Henry Morrison Flagler did not become one of the richest men in America by accepting old bromides.

He is best known in Florida for his railroad (now the Florida East Coast, or F.E.C. line) and his stable of high-end hotels, all credited with developing Florida’s tourism industry.

Flagler knew not to trust the proverb “Build it and they will come.” He knew to modify it to read “Build it and advertise it and they will come.”

In those days, roughly 1885, until his death in 1913, print advertising was the way to go. He also knew the proverb “Don’t rent if you can own”, an idea that actually does stand fairly well as written.

Prepared to spend what was necessary to draw people from all over the country and, indeed, the world to his railroad, hotels, tourist spots and favorite cities in Florida, in 1894 Flagler bought the major local newspaper, The Herald,  in St. Augustine and centered his operations there.  By 1899, along with a few partners, he bought up the remaining papers and print operations in St. John’s County and was ready to turn out any style of printed material he needed.

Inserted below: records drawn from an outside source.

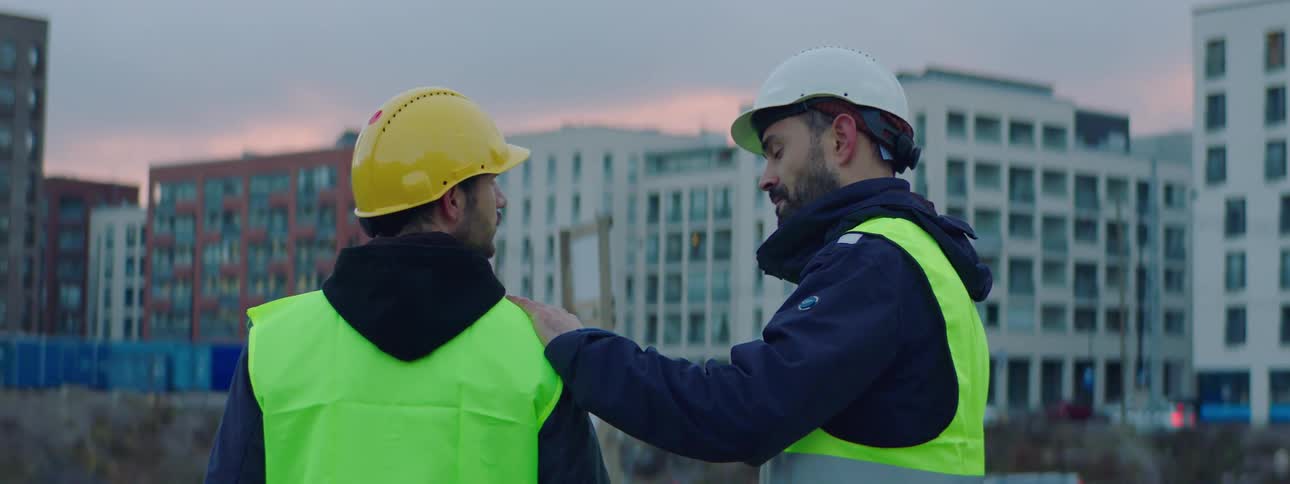 A construction worker touches a colleagues shoulder before they leave a job site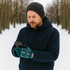 Adults Jacquard Gloves in teal with patterned cuff, worn by a man in a beanie, using a smartphone in a snowy landscape.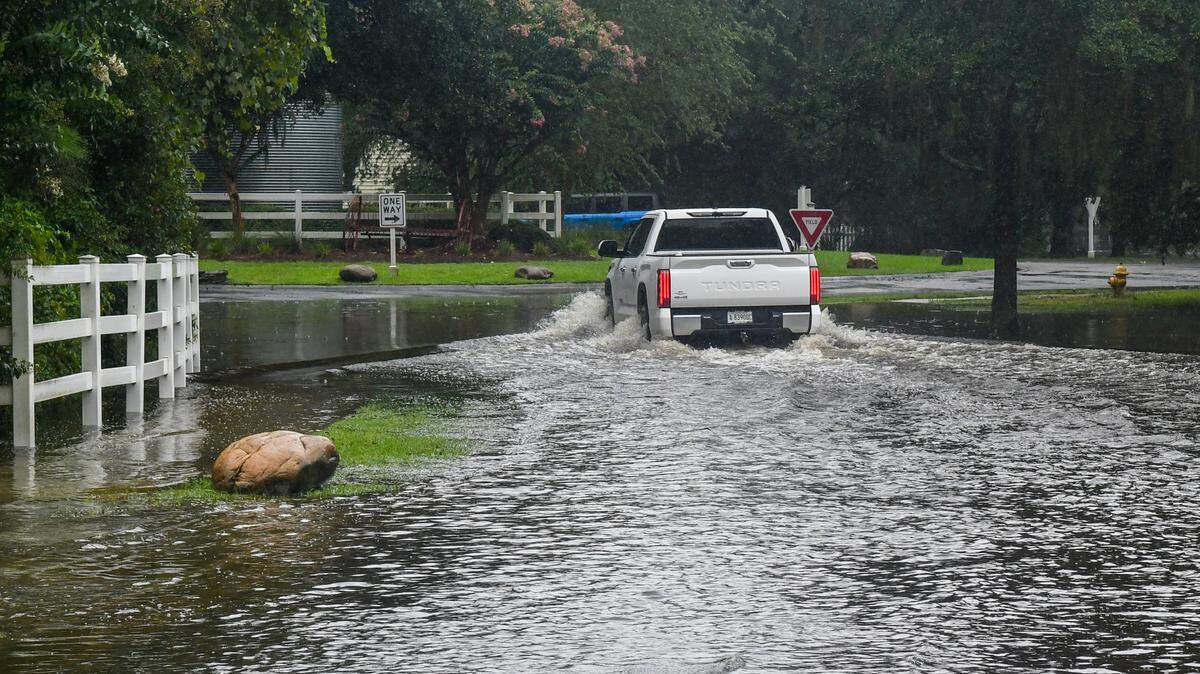 A truck barrels through flooded Old Bridge Drive on Aug. 6, 2024, at The Farm in Bluffton, S.C. after Tropical Storm Debby came through the overnight hours.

A printing company may not come to mind at the mention of Henry Flagler, but his left a legacy as well as any railroad or art museum, and a portion of that legacy is in the collection of the Museum of Florida History in Cocoa, Brevard County.

Flagler consolidated all the smaller operations into what became “The Record Company.”  The newspaper became “The St. Augustine Record” and, yes, it still publishes today (http://www.staugustine.com/ ) under different ownership.

The Record Company had a division to produce pamphlets, brochures, posters and flyers -  any kind of promotional material needed to spread the word about the wonders and joys of a Florida vacation.

This was an era when everything had to be laid out by hand by skilled printers using specialized presses.

A four-color book cover could be considered a labor intensive work of art in itself. At its peak,  The Record Company had over 100 employees, and was one of the largest employers in the city.

From the beginning, guide books were pegged to the Florida East Coast Railway. This 1902 edition is full of information for travelers on train schedules, hotels, and services.

This booklet, for Flagler’s Alcazar Hotel is pitched right at the potential tourists’ main motivations:  health and pleasure.

Line drawings and photographs, never easy to print, would show the tourist exactly what to expect at these high-end spas.

Amenities included indoor pools,

steam cabinets and

even tanning beds.

The printers stayed busy turning out ever more enticing and sophisticated material for travelers.

In between they would work on ‘in house’ publications for the Flagler companies, such as this information guide for railroad employees about their retirement plan.

Always, often so small you needed a magnifying glass to see it, you could find the little imprint that proclaimed this work, simple or sophisticated, was from “The Record Company”. Just for the record, the FEC still rolls and the St. Augustine Record still publishes, but the Flagler Company sold its interest in “The Record Company” in 1942 and now the printing operation is essentially gone.